O que melhora essa questão de recompensa ao escapar é termos em cada prisão o seu próprio modo de jogar; em missões dentro de prisões, você com certeza enfrentará os problemas já comentados por se tratar de algo muito livre e amplo, mas para a minha surpresa os cenários que envolvem transporte de presos, são os que possuem um estilo bem mais agradável de jogo. Com um ritmo melhor e obrigando que a missão seja executada dentro de um tempo pré-determinado, você precisará encontrar a solução que te levará para fora de um trem, navio e avião antes que ele chegue ao destino final. Parecendo até um metroidvania e com menos exploração que o estilo tradicional de The Escapists, você precisará ir para baixo e para cima ou para esquerda e direita para encontrar os itens obrigatórios, construir as ferramentas necessárias e usá-las em um determinado momento ou local correto para encerrar mais uma missão.
Uma sequência bem diferente
Não somente o visual foi refeito, mesmo lembrando o estilo pixelado dos jogos 16-bit ele impressiona pela quantidade de detalhes. Os objetos são muito bem desenhados e definidos visualmente, a movimentação dos personagens, mesmo que simplificada por serem bonequinhos estilo LEGO, não decepciona e é de fácil reconhecimento. Você sabe quando está carregando um item ou está atacando alguém, da mesma forma que a interação com o ambiente é notória e não transformada em uma sequência irreconhecível. A customização e ambientação de cada uma das prisões é muito bem realizada; mesmo tendo pouca vida própria ao redor dos acontecimentos atrás das grades, cada um dos NPCs interagem de diversas maneiras com o cenário e demonstram quase tudo o que está disponível para você explorar.
Ainda sobre a customização, os personagens e NPCs contam com mais de 250 itens para serem modificados e ficarem do jeito que você desejar. Sem contar os diversos itens a serem desbloqueados de acordo com o seu progresso; tudo para aumentar o fator replay do jogo e justificar as quase duas dezenas de slots vagos em cada missão para salvar diversas partidas.

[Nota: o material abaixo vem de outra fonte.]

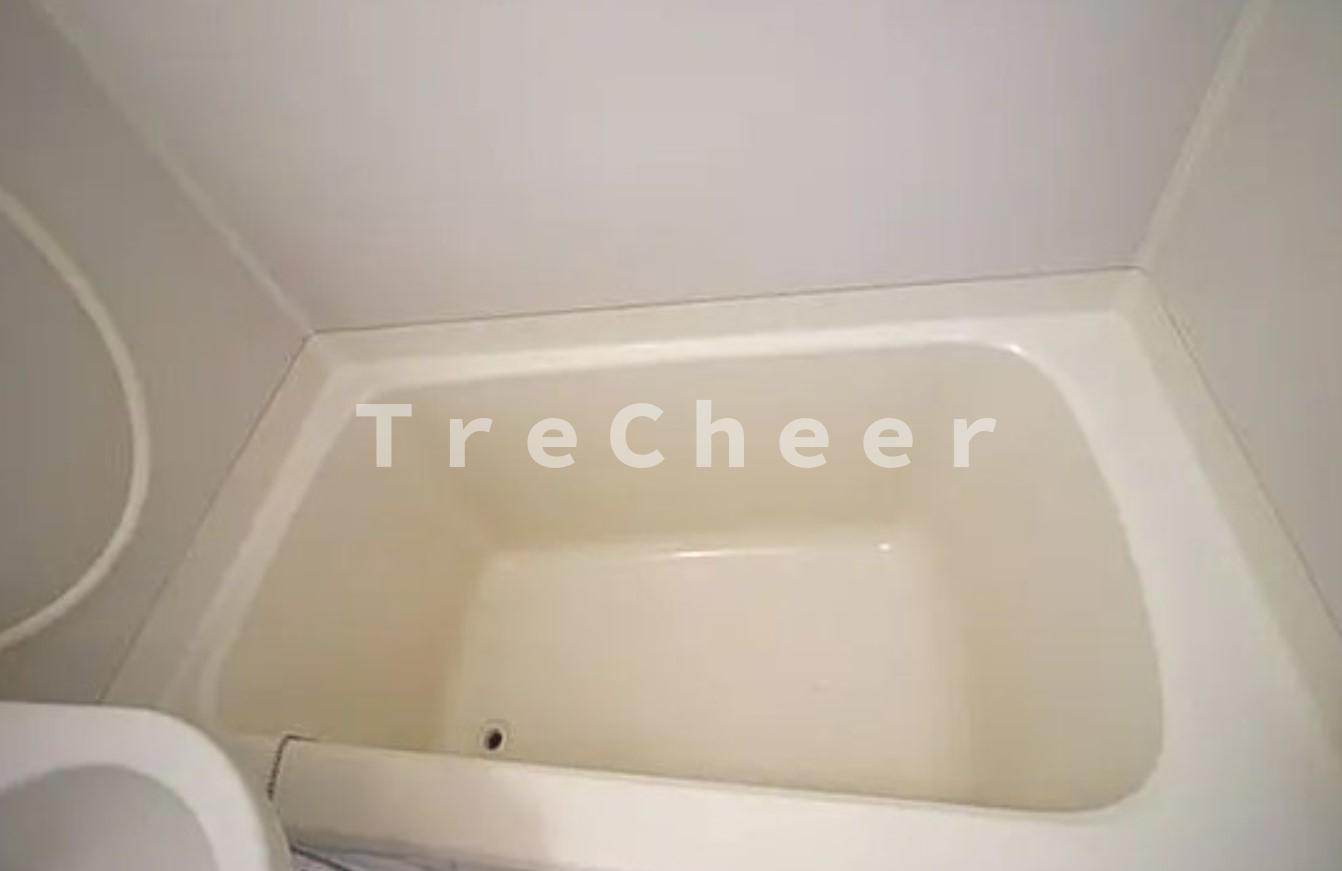 ロイヤルパーシモンの浴室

Essa sequência também conta com um modo multiplayer, além de partidas locais ou com dados compartilhados em rede, estilo Dark Souls e suas mensagens dentro do jogo deixadas pelos outros jogadores. Além do online, agora você pode jogar com até quatro pessoas no multiplayer local (com a saudosa split screen). Há o modo coop em que todos se empenham em fugir juntos, e versus em que vocês competem para ver quem consegue escapar primeiro. Seja local ou em rede, você pode testar sua habilidade em por em prática sua estratégia, vencer seus inimigos com combate corpo-a-corpo ou até mesmo criar armadilhas que possam fazê-los fracassar. O importante é você triunfar no final, sozinho ou em grupo, em busca da sua liberdade.
Culpado ou inocente?
The Escapists 2 melhora em muito aquilo que ficou para trás em seu primeiro jogo e oferece uma experiência mais completa. Ao mesmo tempo em que uma enxurrada de novidades que vai deixar você perdido por um bom período, o que pode acabar atrapalhando a expectativa e empolgação ao partir em suas próprias buscas das rotas de fuga. Engraçado perceber como alguns jogos procuram acrescentar mais e mais mecânicas e possibilidades, quando nem sempre o “mais” (em quantidade) resulta em algo benéfico para a experiência. Com diversas horas de diversão e outras várias de frustração (que podem converter todo o trabalho da Mouldy Toof Studios em algo totalmente diferente da proposta), esse é mais um indie que merece sua atenção.